Folke Nordbring had dared to take responsibility.
* * *
On October 23, 1979, Agneta, Anna, Ola, and I boarded the flight to Maputo, the capital of Mozambique.
3
To Nacala
It was afternoon when our plane landed in Maputo’s modest airport. I looked around as we stepped into the hot air and saw palm trees. Strong sunlight was reflected off the pale cement of the runway. The children were so excited. On the journey we had been reading them crazy stories about Soda Pop written by the Swedish author Barbro Lindgren, until they had fallen asleep. Now they were ready for anything. My mother had made them each their own little rucksack and when we entered arrivals, they wanted to hold on to their own passports.
A Portuguese slogan had been painted on the side of the plane: “We carry not only passengers but solidarity.” Indeed, about half the passengers were from aid organizations.

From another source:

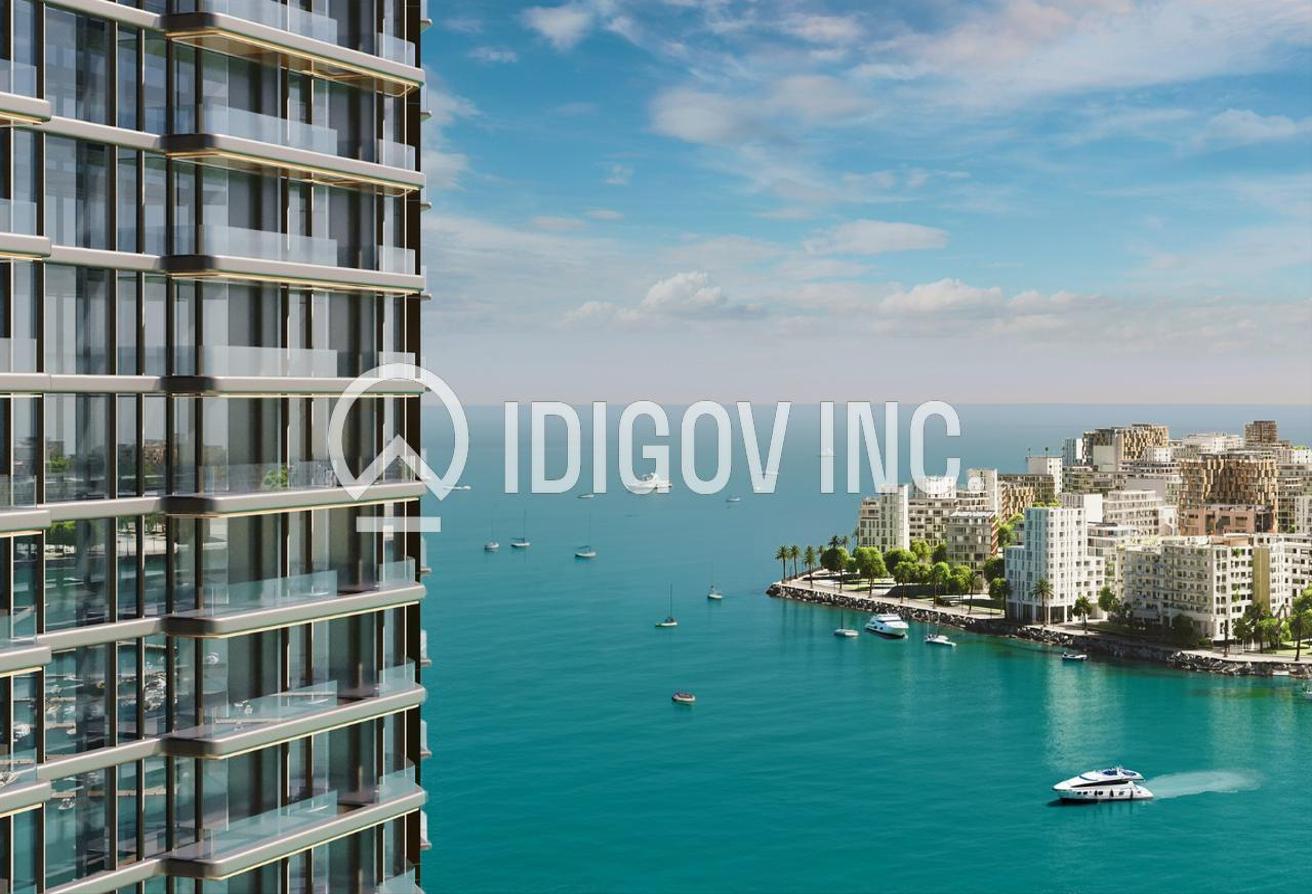 2 bedrooms Apartment in Maritime City, UAE No. 33247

People were flooding into Mozambique and we pompously called ourselves “solidarity workers.”
Twelve years ago, I had promised the first leader of the Mozambican independence movement that I would go to his country and work as a doctor. A year earlier, I had been ready to keep my promise but been stopped by testicular cancer. If the children had not been so infectiously delighted with everything, sentiment might have overwhelmed me. Now, they left me no time to ponder.